▶ Records supplied
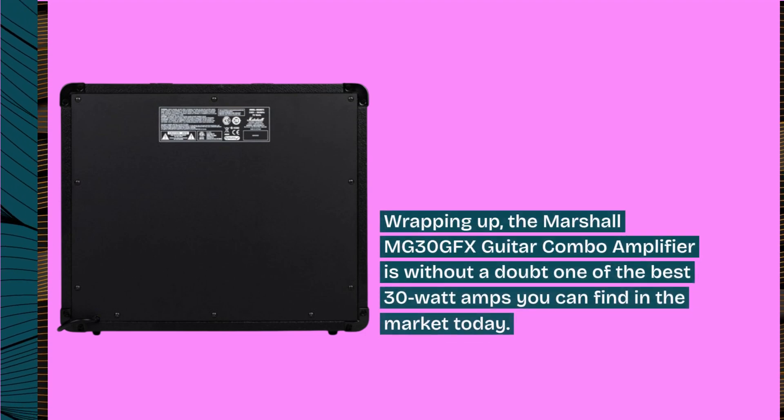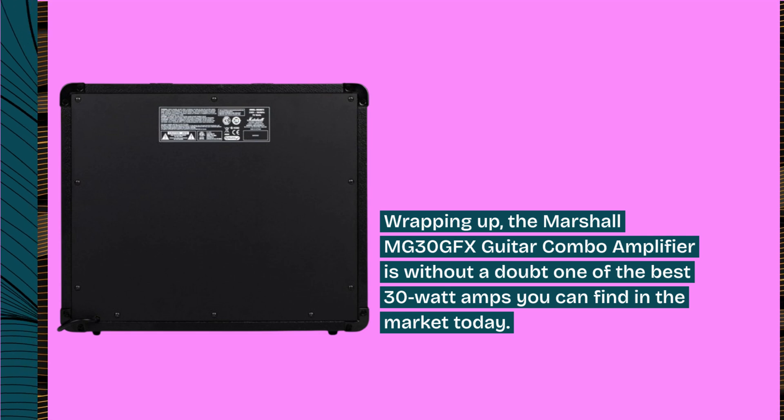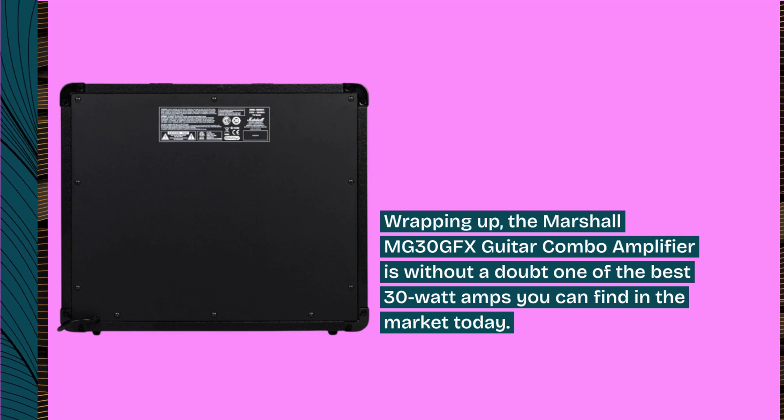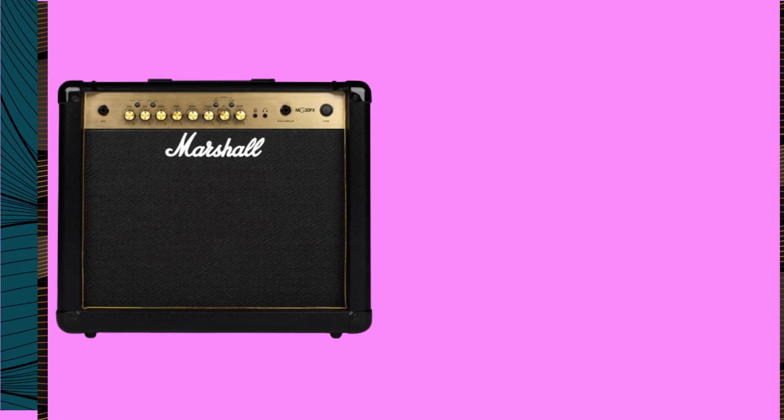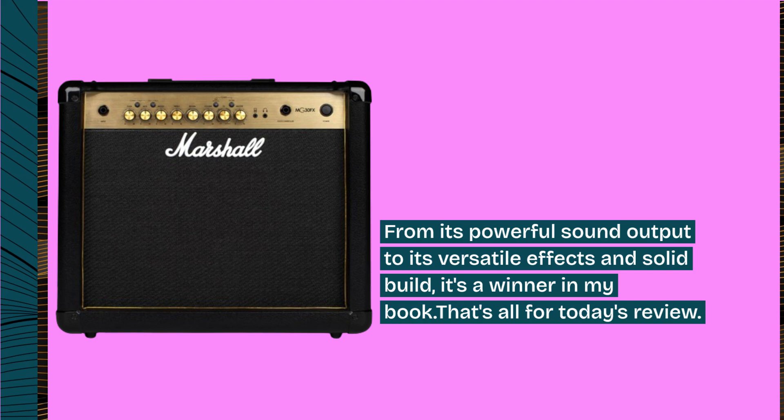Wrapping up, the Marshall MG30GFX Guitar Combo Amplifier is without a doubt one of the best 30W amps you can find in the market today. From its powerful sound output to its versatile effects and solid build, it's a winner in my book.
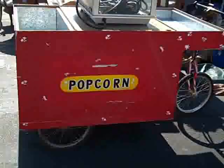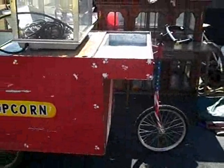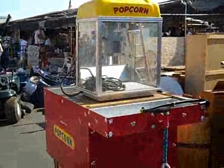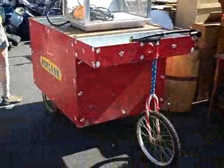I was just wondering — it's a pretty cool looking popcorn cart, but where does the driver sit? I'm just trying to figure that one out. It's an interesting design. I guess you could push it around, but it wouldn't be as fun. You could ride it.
* * *
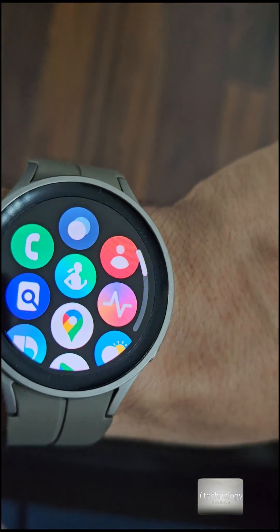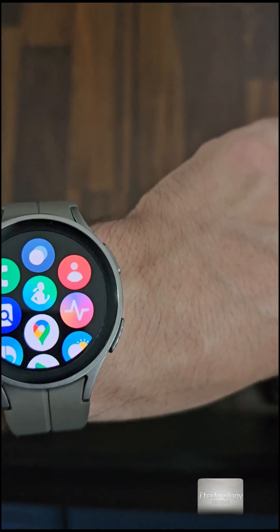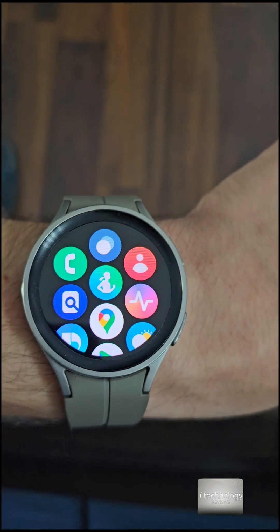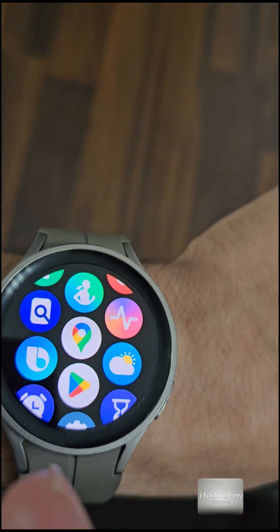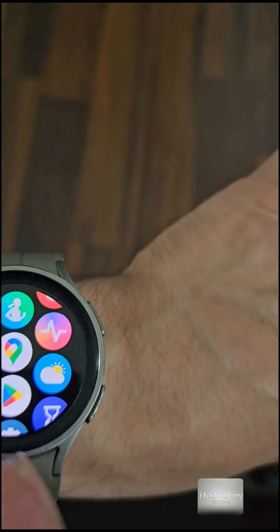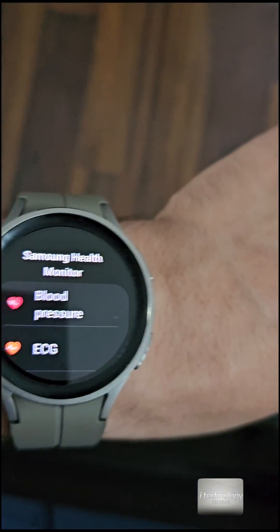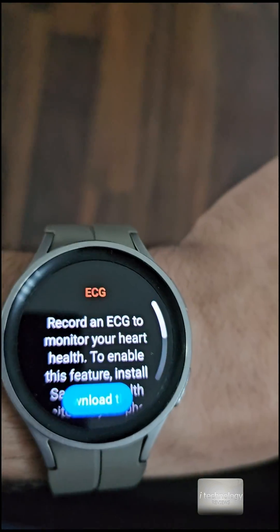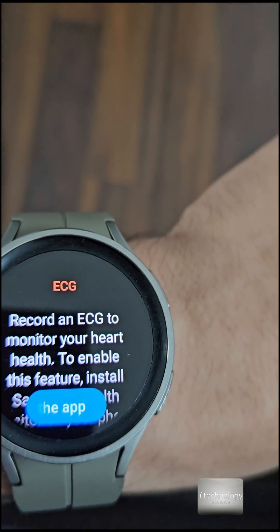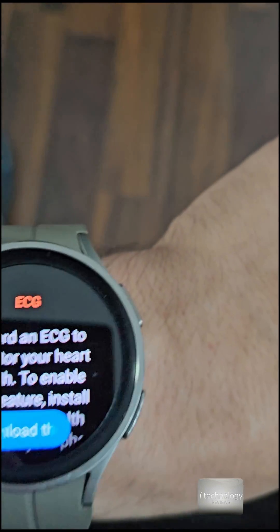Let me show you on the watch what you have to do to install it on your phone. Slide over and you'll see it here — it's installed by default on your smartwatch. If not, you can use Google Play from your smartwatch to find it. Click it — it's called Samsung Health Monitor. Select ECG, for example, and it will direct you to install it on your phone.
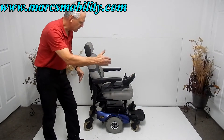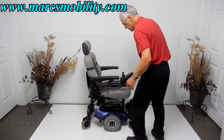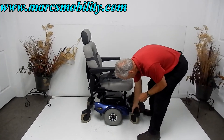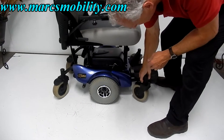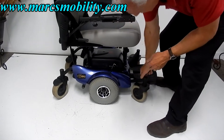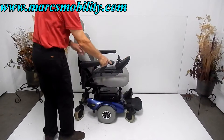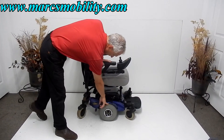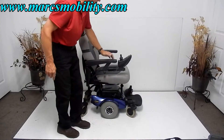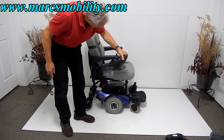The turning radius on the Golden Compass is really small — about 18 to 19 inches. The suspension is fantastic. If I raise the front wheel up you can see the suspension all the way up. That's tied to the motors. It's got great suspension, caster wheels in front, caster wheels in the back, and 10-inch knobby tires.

▶ About this task
From the data above, return exactly the lines from the one with "Wrapping up, the" up to and including the one with "I was just wondering". Pictures do not go in the copy.

▶ Task response
Wrapping up, the Marshall MG30GFX Guitar Combo Amplifier is without a doubt one of the best 30W amps you can find in the market today. From its powerful sound output to its versatile effects and solid build, it's a winner in my book.
I was just wondering — it's a pretty cool looking popcorn cart, but where does the driver sit? I'm just trying to figure that one out. It's an interesting design. I guess you could push it around, but it wouldn't be as fun. You could ride it.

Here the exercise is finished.